------ Task input

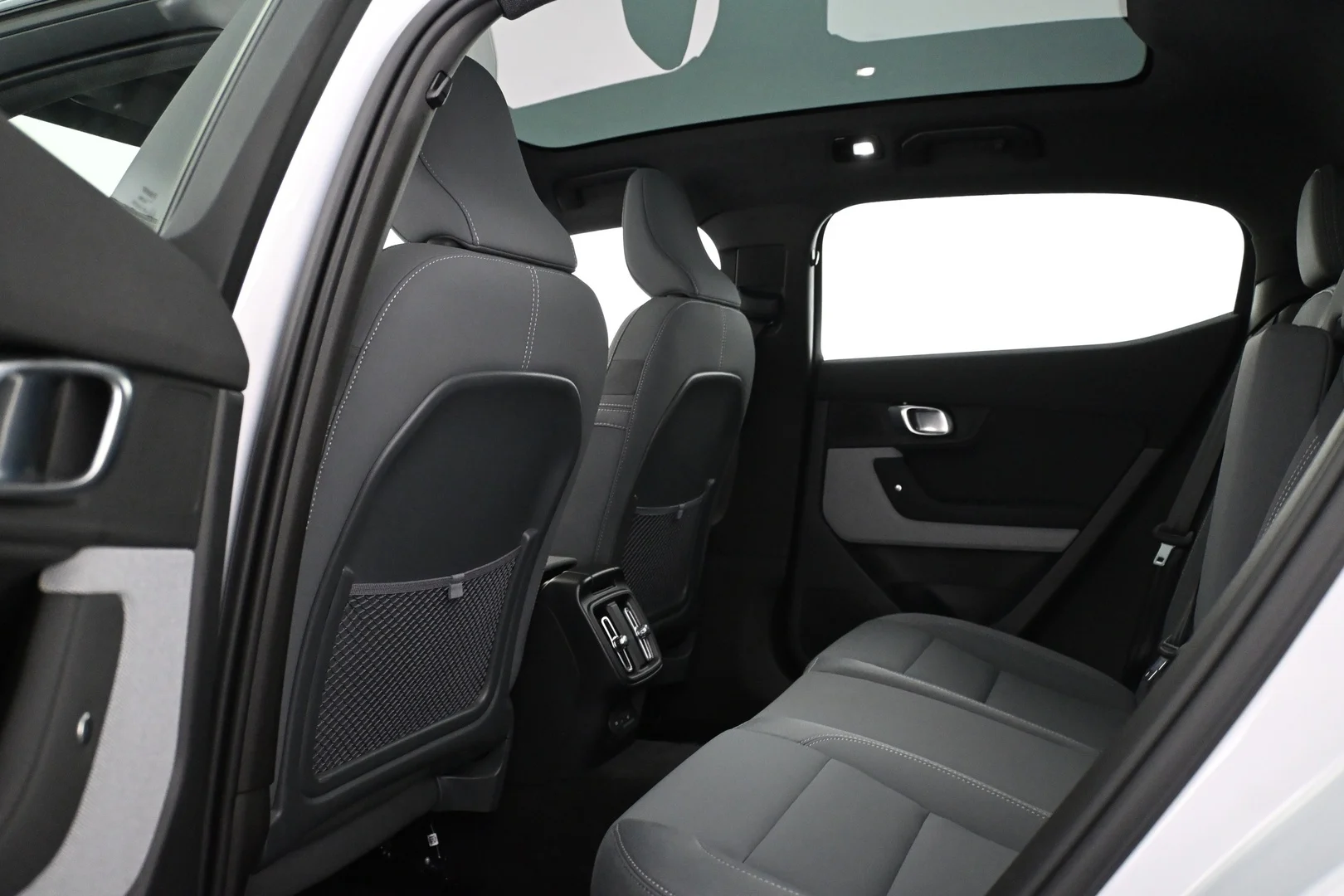 Car Image - 1F7BIIPDEyoNdLXF9jRNre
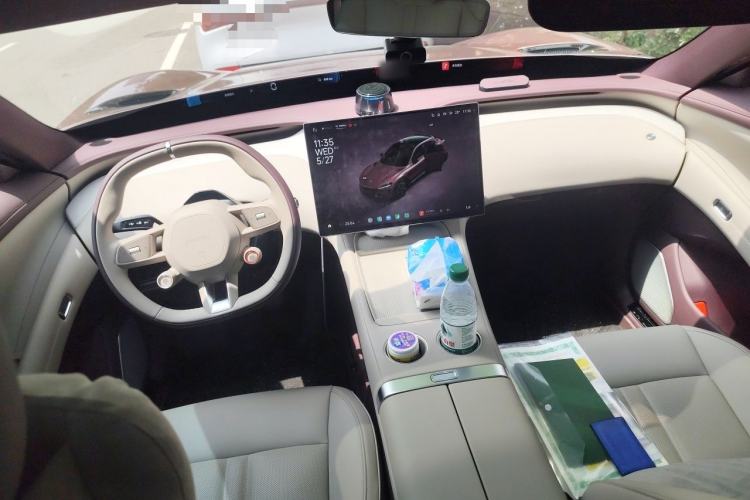 Used Xiaomi Auto YU7 2025 Ultra-Long Range Rear-Wheel Drive Version Center Console
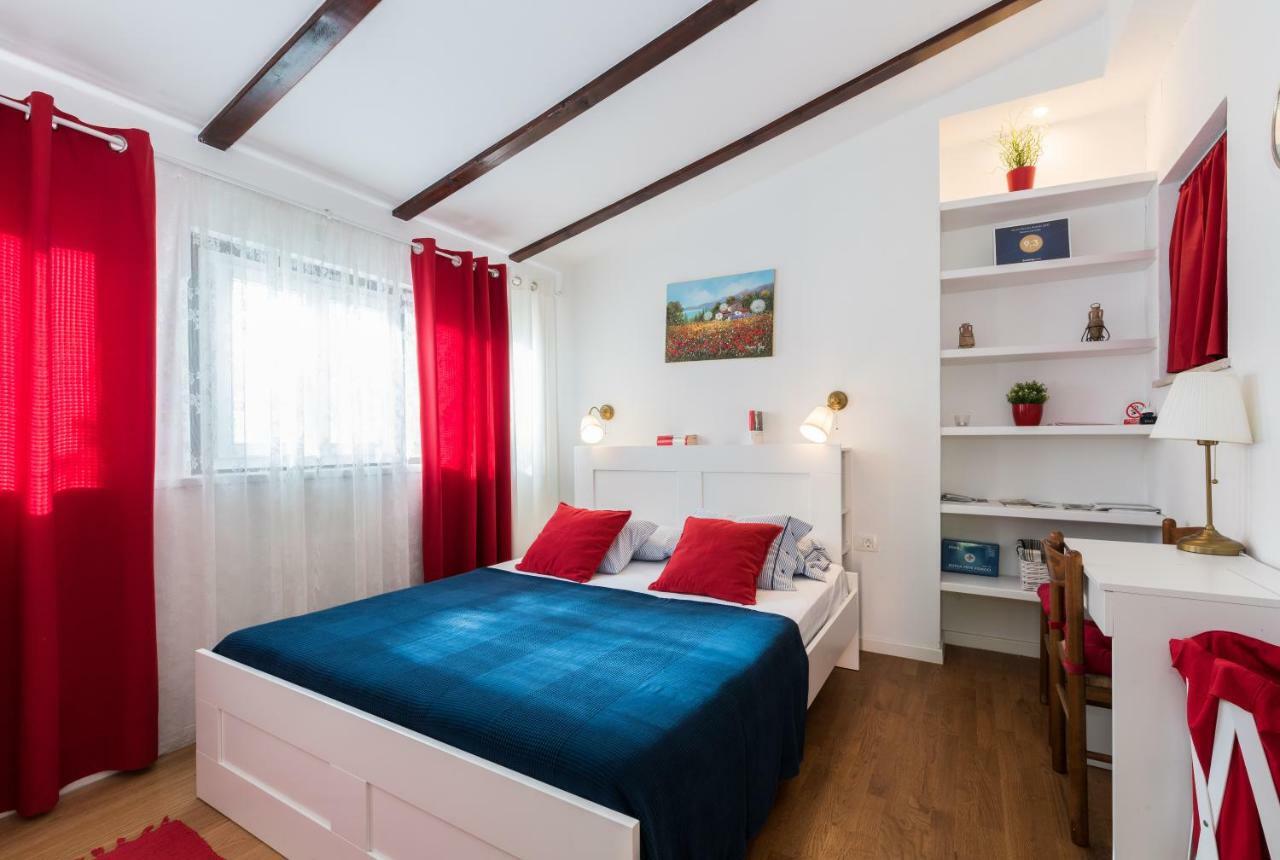 B&B Carmela Umag Bagian luar foto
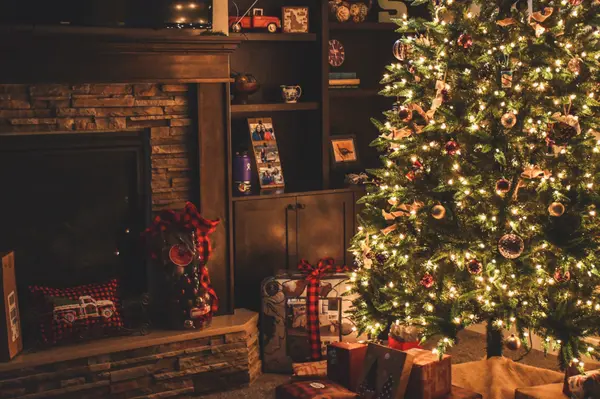 The Top Reasons To Sell Your Home During The Holidays,Billee Silva, PA, ABR SRS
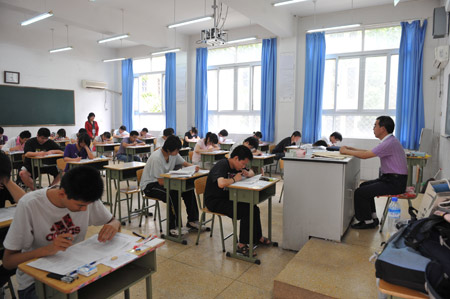 高考手册:高考考场遭遇八大意外事件应急指点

------------

### Task prompt
Without copying any images, transcribe the records exactly as they stand.

### Answer
 Car Image - 1F7BIIPDEyoNdLXF9jRNre
 Used Xiaomi Auto YU7 2025 Ultra-Long Range Rear-Wheel Drive Version Center Console
 B&B Carmela Umag Bagian luar foto
 The Top Reasons To Sell Your Home During The Holidays,Billee Silva, PA, ABR SRS
 高考手册:高考考场遭遇八大意外事件应急指点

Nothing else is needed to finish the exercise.